The Long Road to Peace in Northern Ireland, a collection of essays on the state of the peace process, has been launched in Belfast.
The book, compiled by Prof Marianne Elliott of the Institute of Irish Studies in Liverpool, brings together a series of lectures delivered at the university between 1996 and 2000.
These lectures were dedicated to the memory of Mr Torkel Opsahl, who headed the 1993 Opsahl Commission which looked for a way forward in Northern Ireland. He died shortly after the commission reported.
The publication includes contributions from many of those who played leading roles in those negotiations, including Senator George Mitchell, Senator Maurice Hayes, Mr Niall O'Dowd, Mr Kevin McNamara MP, Mr Peter Mandelson MP, Dr Martin Mansergh and others.
Running through many of the items is the theme that contributions from outside "third parties" in conflict resolution can make a difference.

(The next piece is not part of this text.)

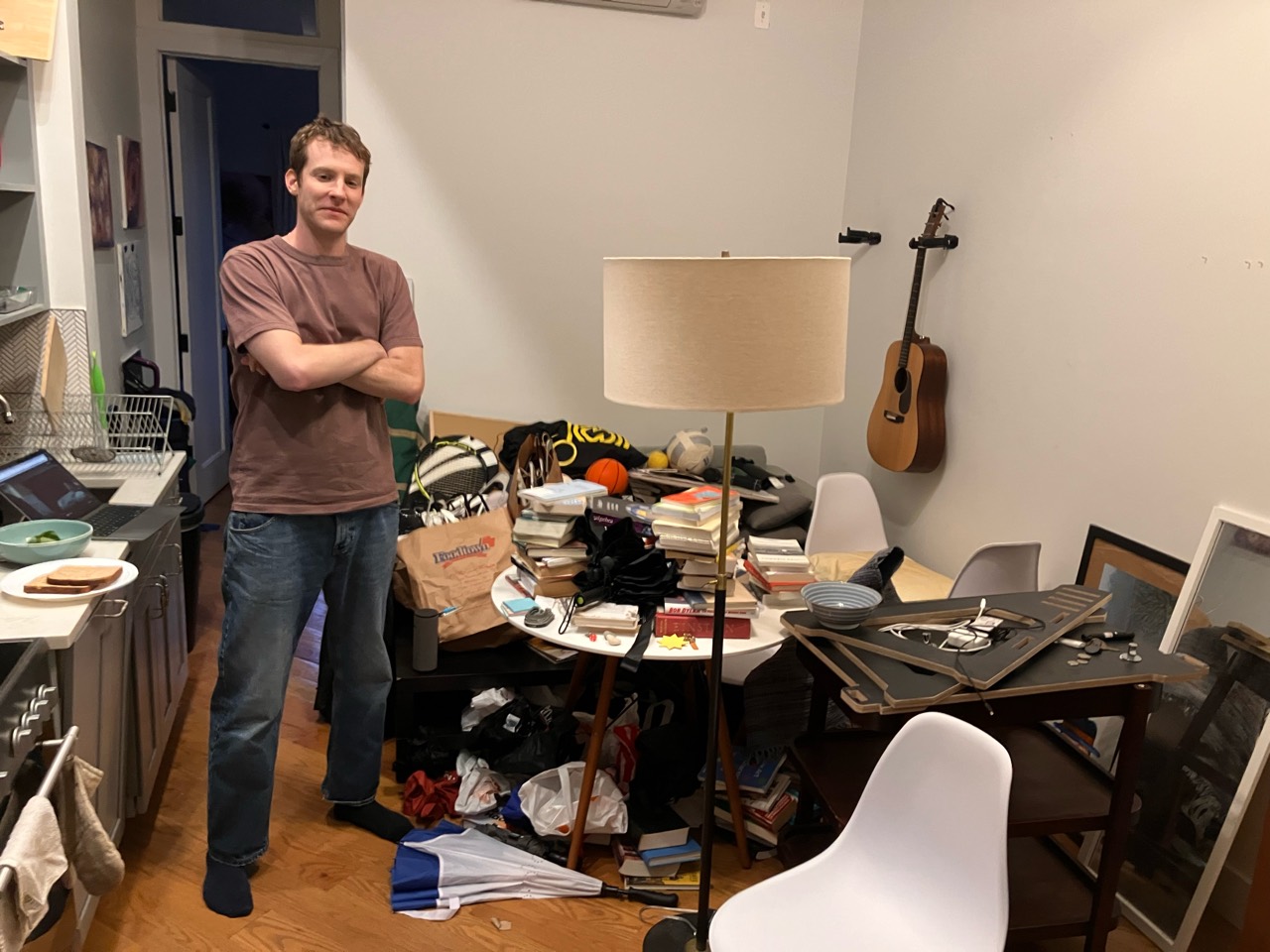 A person standing beside a table piled with books and belongings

In her address at the book launch, Prof Elliott recalled Seamus Heaney had said Northern Ireland was moving from the atrocity to the messy, adding that the messy was a good place to be in relation to the recent past.
The book was also launched by Dr Martin Mansergh, the Taoiseach's adviser on Northern Ireland, and by Mr Ray Bassett and Mr Chris McCabe of the British-Irish Secretariat.